Sosnoskie is trying to change that by bringing tech solutions to the fruit and vegetable acres of New York. Access, she said, came more easily in the West for novel weed-control technologies.
When she looks at the price tags of new technology, she wonders: Is there a mid-level version? In her lab, she works with roboticists to test in-row equipment for weed-detection and control in wine grape production.
Rather than just showing pictures or videos of technology at meetings, she works to bring demos to the East Coast, inviting growers to ask questions directly to the companies building them.
“We do have growers who can afford it,” she said, but tech companies need to see the region’s weed and pest pressures firsthand. “We understand there are weeds out here, but our algorithms don’t,” Sosnoskie explained.
She hopes to push forward new technology like electrical weeding and precision spraying, putting the Northeast on the map.
A shared mission
The Northeast’s quiet ascent building small into big doesn’t exempt its institutions from a core challenge facing all public agricultural research: federal funding. After decades of growth, U.S. agricultural R&D has stagnated or declined, raising concerns about food security, which many policymakers now frame as national security.
USDA data from 2019 shows U.S. agricultural R&D spending at $5.16 billion, about one-third lower than its peak in 2002. The U.S. ranks third globally, behind China and the EU but ahead of India and Brazil.
As agricultural productivity slows, universities fear that insufficient investment today means fewer solutions tomorrow.

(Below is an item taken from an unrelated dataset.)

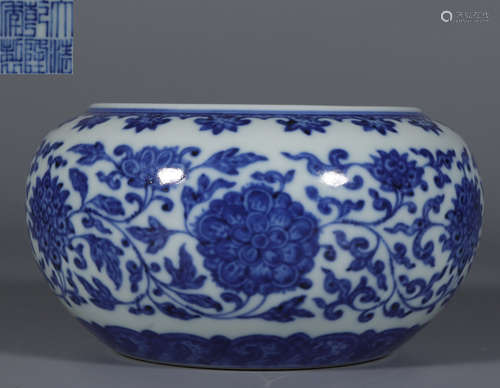 QIANLONG MARK BLUE&WHITE LOTUS PATTERN BRUSH WASHER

The most powerful institutions are those that can weather funding declines and continue leading.
“The system looks like it’s working great now because of the investments we made 20 years ago,” said Rhodes at AgInnovations Northeast.
As research funding accelerates and demands on agriculture evolve, the Northeast enters this moment uniquely prepared. Its farms and universities in the Northeast operate in a business ecosystem of diversification, a dynamic de Rham describes as one that “feeds itself.”
And perhaps the future outlook of land-grant universities is something the Northeast has long championed.
Jake Zajkowski is a freelance agriculture journalist covering farm policy, global food systems and the rural Midwest. Raised on vegetable farms in northern Ohio, he now studies at Cornell University.